BFP17 v Minister for Immigration
[2018] FCCA 1178
•11 May 2018
FEDERAL CIRCUIT COURT OF AUSTRALIA
| BFP17 v MINISTER FOR IMMIGRATION & ANOR | [2018] FCCA 1178 |
| Catchwords: MIGRATION – Application for judicial review of decision of Administrative Appeals Tribunal (Tribunal) affirming decision not to grant applicant a protection visa – whether it was reasonably open to the Tribunal to take into account as relevant to the credibility of the applicant’s claim that he omitted to state in oral evidence given before the Tribunal a claim the applicant made in his application for a Protection visa – whether it was reasonably open to the Tribunal to rely on the applicant’s delay in applying for a Protection visa as a reason for not accepting the credibility of the applicant’s claims for protection – whether it was reasonably open to the Tribunal to rely on country information as a reason for not accepting the credibility of the applicant’s claims – no jurisdictional error. |
| Legislation: Migration Act 1958 (Cth), s.36(2) |
| Applicant: | BFP17 |
| First Respondent: | MINISTER FOR IMMIGRATION & BORDER PROTECTION |
| Second Respondent: | ADMINISTRATIVE APPEALS TRIBUNAL |
| File Number: | SYG 858 of 2017 |
| Judgment of: | Judge Manousaridis |
| Hearing date: | 24 April 2018 |
| Date of Last Submission: | 24 April 2018 |
| Delivered at: | Sydney |
| Delivered on: | 11 May 2018 |
REPRESENTATION
| Applicant in person assisted by an interpreter |
| Solicitor for the First Respondent: | Ms A Zinn of Mills Oakley Lawyers |
ORDERS
The application is dismissed.
| FEDERAL CIRCUIT COURT OF AUSTRALIA AT SYDNEY |
SYG 858 of 2017
| BFP17 |
Applicant
And
| MINISTER FOR IMMIGRATION & BORDER PROTECTION |
First Respondent
| ADMINISTRATIVE APPEALS TRIBUNAL |
Second Respondent
REASONS FOR JUDGMENT
Introduction
The applicant, a citizen of Malaysia, seeks judicial review of a decision of the second respondent (Tribunal) affirming the decision of a delegate of the first respondent (Minister) not to grant to the applicant a Protection (Class XA)(subclass 866) visa (Protection visa).
Claims for Protection
In a personal statement accompanying his application for a Protection visa, the applicant claimed he was concerned about Malaysia’s future. He and many of his friends had been unsatisfied with the Malaysian government. Because they “made advice” to the government, they were persecuted. Many opponents were arrested and killed. At the beginning of 2013 the applicant and a few of his friends were concerned about the political situation in Malaysia. On 2 September 2014 the applicant and his friends organised a protest. The applicant spoke “in front of the Government” during which he made statements critical of the Prime Minister of Malaysia, and many onlookers expressed their support. The Government “got angry” and, on 8 September 2014, began to arrest protesters. The applicant went into hiding immediately after he became aware of this.

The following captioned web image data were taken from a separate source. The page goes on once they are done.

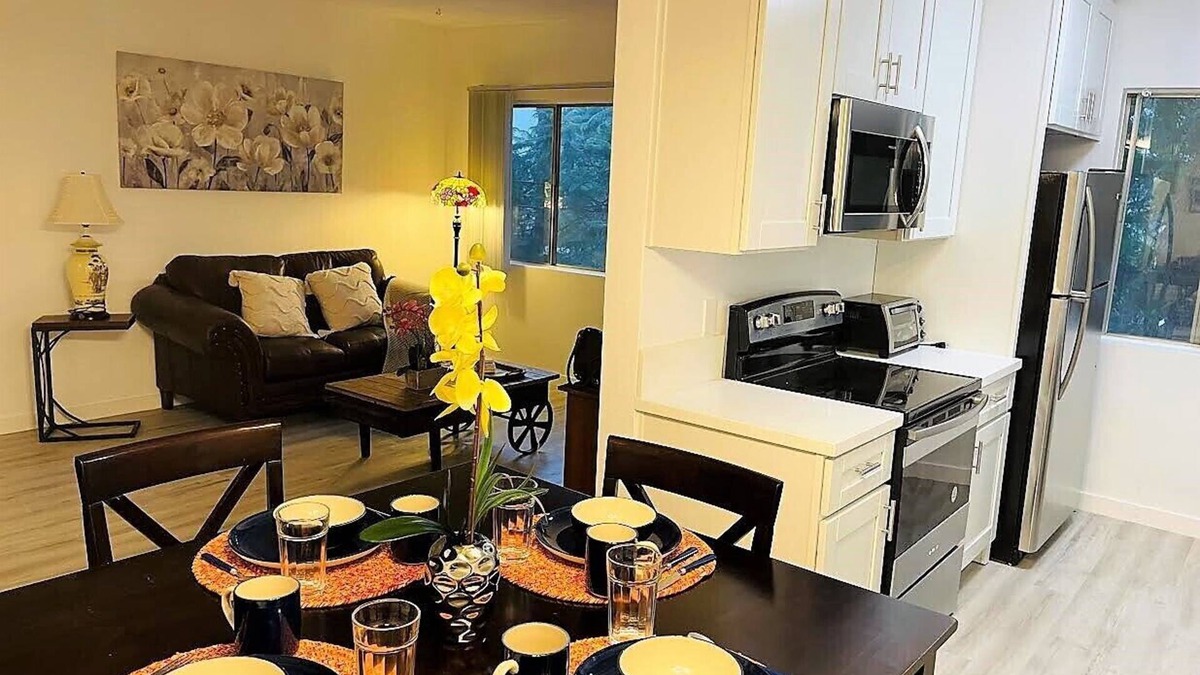 Sawtelle Apartment | Lovely, huge remodeled 1bd in West LA-SMC,UCLA,SM Beach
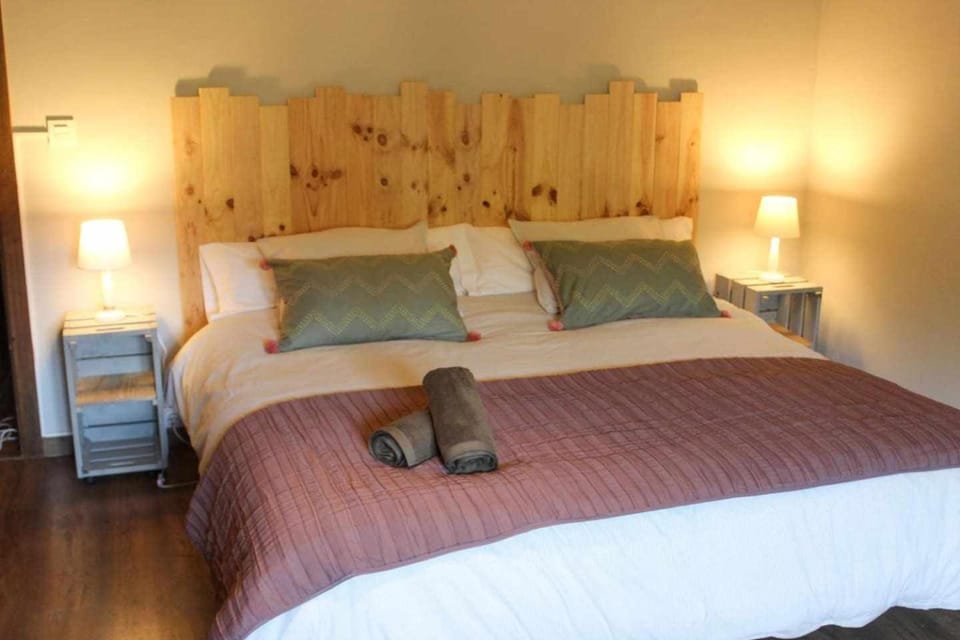Bed, View (from property/room), Photo of the whole room, Mountain view, Family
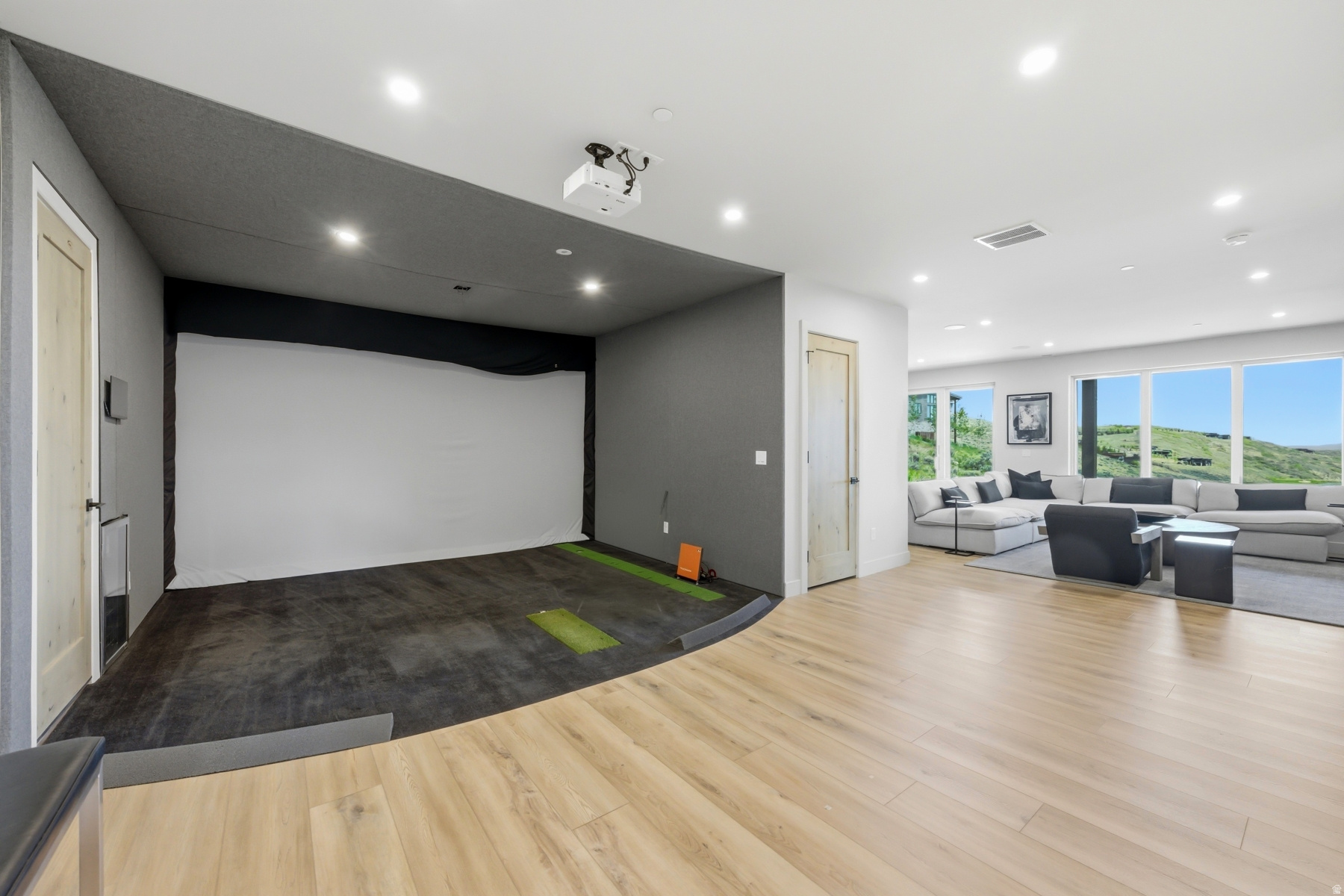 PROMONTORY PAINTED SHORES - Residential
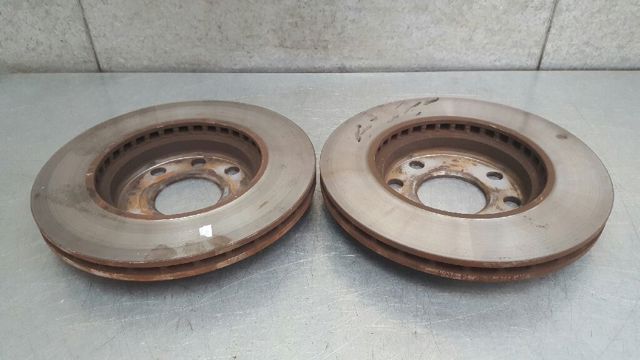 Tarcza hamulcowa przednia 96471274 GM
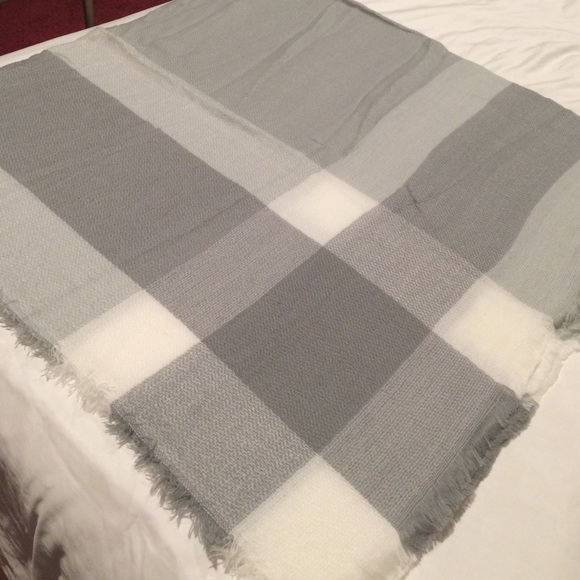 SOLD OUT ✖️ Light Gray Buffalo Check Blanket Scarf - Picture 2 of 4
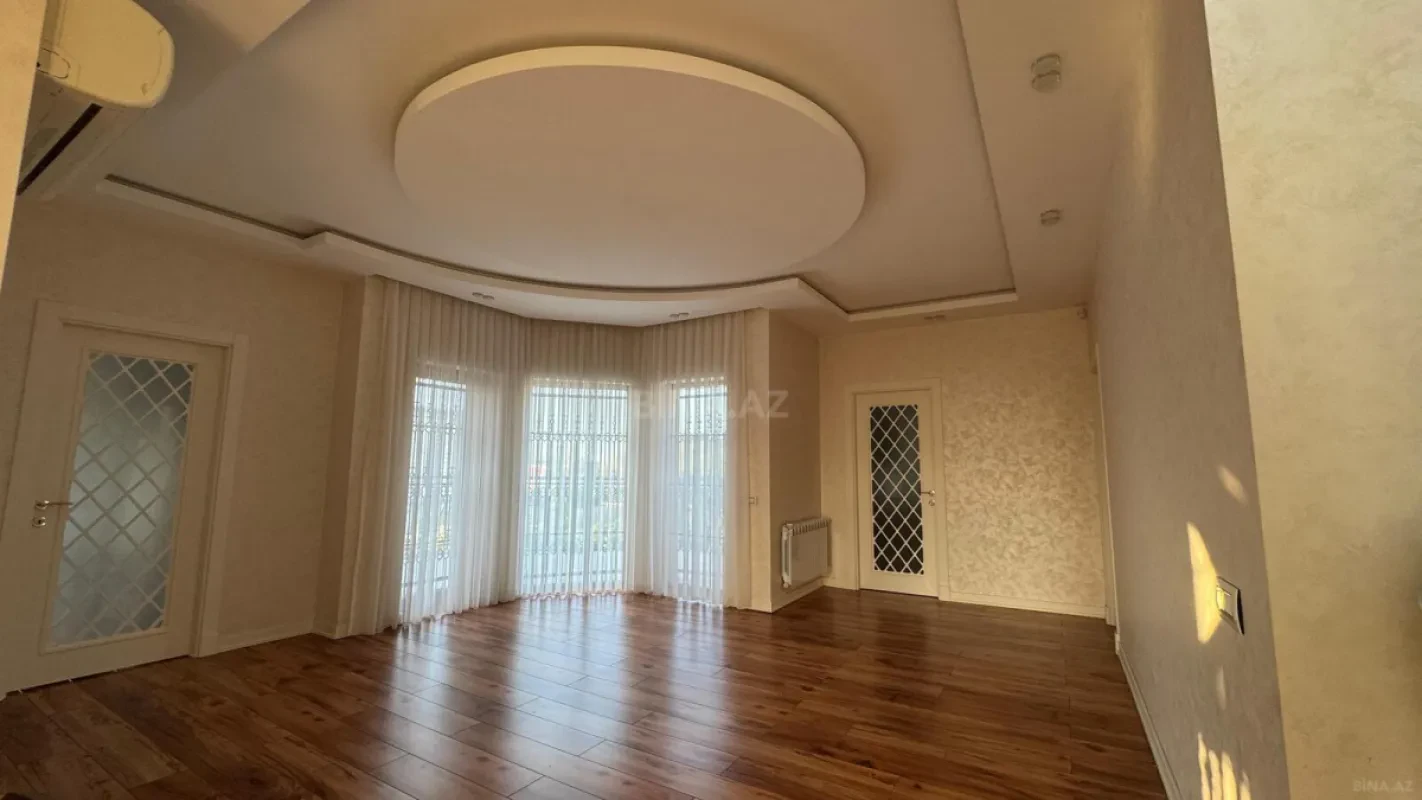 Kirayə verilir 7 otaqlı həyət evi 360 m²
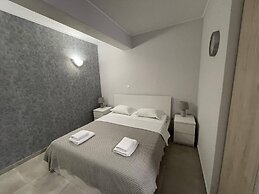 AVR DELUXE SUITES 6 AIRPORT FREE SHUTTLE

The applicant further claimed that a fellow protester was arrested, sent to a detention centre, struck in the face by police, placed in solitary confinement, and was later beaten. The police went to the applicant’s house several times looking for him. The applicant had regular contact with his friends, and advised them to put pressure on the government. In early 2016 many protesters were followed, monitored, and harassed. They were unable to live a normal life. The applicant referred to a young couple whom the police had tried to arrest.
Before the Tribunal the applicant said that the protest he and his friends organised involved 20 to 30 people protesting outside the front of a government building, but he did not know the name of that building.[1]
[1] CB91, [7]
The Tribunal’s Reasons
The Tribunal did not accept any of the applicant’s claims other than that he is a citizen of Malaysia:
a)The Tribunal considered that the applicant’s oral evidence was vague, unpersuasive, and inconsistent with his written claims. The applicant was able to give only limited details of the demonstration, including about the government building in front of which he claims to have protested.
b)The Tribunal found the applicant’s evidence regarding the actions of the demonstrators to be limited, and formed the view that the applicant was not speaking from his own experiences, but was instead attempting to recall the claims he had made in his statement.
c)In his written statement the applicant indicated that he and his friends organised the demonstration. During the hearing, on the other hand, the applicant indicated that his friend was the main organiser.
d)The applicant failed to mention in his oral evidence before the Tribunal the claim he made in his written statement that he spoke “in front of the government” about the Prime Minister of Malaysia and his perceptions regarding corruption and the inadequacies of the Malaysian political system.
e)The Tribunal did not accept the applicant’s explanation for the inconsistencies or limited nature of his evidence regarding the demonstration. It considered this indicated the applicant fabricated his claims to have been involved in a demonstration which resulted in him going into hiding from the police and fleeing Malaysia.
f)The Tribunal found that other aspects of the applicant’s claims are not consistent with the independent evidence regarding the treatment of protestors in Malaysia. The Tribunal was not satisfied that independent evidence supported the applicant’s claims that a small, peaceful political protest in which he had a minor role resulted in the applicant’s friend being arrested and detained for over two years and also resulted in the police seeking the applicant. The Tribunal found this also indicated the applicant fabricated his claims.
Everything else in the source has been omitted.